Ridiculous or not, the ACLU and its partnering attorneys have done the job, assembling 15 education luminaries. And while these experts may be asserting much that is obvious, they also seem to take righteous pleasure in doing so. One scholar, former New York Commissioner of Education Thomas Sobol, refused to accept compensation either for his report or for any subsequent testimony. He declares, among other things, that inhumane conditions send a negative message to students that dampens academic success.
There's also a report from Stanford's Linda Darling-Hammond, in which she contends that the quality of teaching actually affects what a student learns, a subject to which she's devoted much of her research career.
UCLA professor Jeannie Oakes takes on verifying that textbooks are a good thing. She relies heavily on studies from developing nations, because U.S. policymakers and researchers "have simply taken for granted that textbooks and curriculum materials are available to students" in this country.
Virginia Tech professor Glen Earthman, in his report, reviews evidence that learning is hampered by overcrowding, not to mention freezing or sweltering classrooms. Research scientist Ross E. Mitchell looks at the "Concept 6" calendar, which shortens the school year by about a month for the purpose of packing more students into a school.
THE HIRED LEGAL GUN OPPOSING THESE ADVOCATES IS L.A.'S OWN O'Melveny & Myers, whose attorneys argue that the state is not legally responsible for classroom conditions. It's an imperfect defense, given that the state has selectively asserted substantial jurisdiction over schools, including this past year when it insisted on massive reform at 10 Los Angeles campuses.
In the Williams battle, the state also tried countersuing school districts, including L.A. Unified, to shift the blame. The countersuit was put on hold by San Francisco Superior Court Judge Peter J. Busch.
Another strategy is picking apart the suit piece by piece -- asserting, for example, that the state has no obligation regarding bathrooms, so that anything relating to a bathroom doesn't count. A ruling on that motion is pending.
At one point, O'Melveny attorney John F. Daum challenged whether the learning conditions at schools named in the suit were all that inhospitable in the first place. "We went to school after school after school," Daum told the judge, "and what we discovered was . . . that sure, there are schools that have problems, sure, there is a teacher shortage. But again and again the specific allegations that plaintiffs make in their complaint are not true."
So far, O'Melveny, whose fees have claimed millions of taxpayer dollars, has succeeded only in pushing the likely trial date into 2003. Which means that California's self-proclaimed education governor won't have to deal with unremitting, discomfiting headlines during his re-election campaign.
"He'd probably like it to be another governor's problem to fix conditions for the neediest kids," speculated Catherine Lhamon, an ACLU staff attorney.
The view from the other side is that the state can't do it all, can't usurp all local control and can't accomplish reform overnight, said Ann Bancroft, a spokesman for Kerry Mazzoni, Governor Davis' education secretary.

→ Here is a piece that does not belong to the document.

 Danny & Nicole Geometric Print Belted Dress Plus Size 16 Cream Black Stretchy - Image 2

Bancroft enumerated a slew of recent initiatives addressing problems cited in the lawsuit, while also noting that the Davis administration has increased education funding and helped to refine the school-accountability system.

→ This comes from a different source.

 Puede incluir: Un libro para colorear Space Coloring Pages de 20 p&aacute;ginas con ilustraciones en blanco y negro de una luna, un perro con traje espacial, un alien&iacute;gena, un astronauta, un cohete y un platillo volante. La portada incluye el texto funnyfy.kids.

But to date, accountability has meant little more than student test scores. There's no real, direct accountability for the conditions in which learning takes place, even though these most certainly affect the results.

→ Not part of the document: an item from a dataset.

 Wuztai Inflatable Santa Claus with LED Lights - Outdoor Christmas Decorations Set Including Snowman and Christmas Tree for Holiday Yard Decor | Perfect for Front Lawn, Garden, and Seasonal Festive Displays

After all, if the state had an overt policy of putting blacks or Latinos into inferior schools, that policy would not stand. The children who get the raw deal today are not targeted by race, but most of them are, in fact, black or Latino, because these are the children of the poor, noted Mark Rosenbaum, legal director of ACLU's Southern California chapter. "The experts' reports document a two-tier school system," said Rosenbaum, "that is the modern-day equivalent of the separate and unequal school system condemned by the Supreme Court nearly a half-century ago."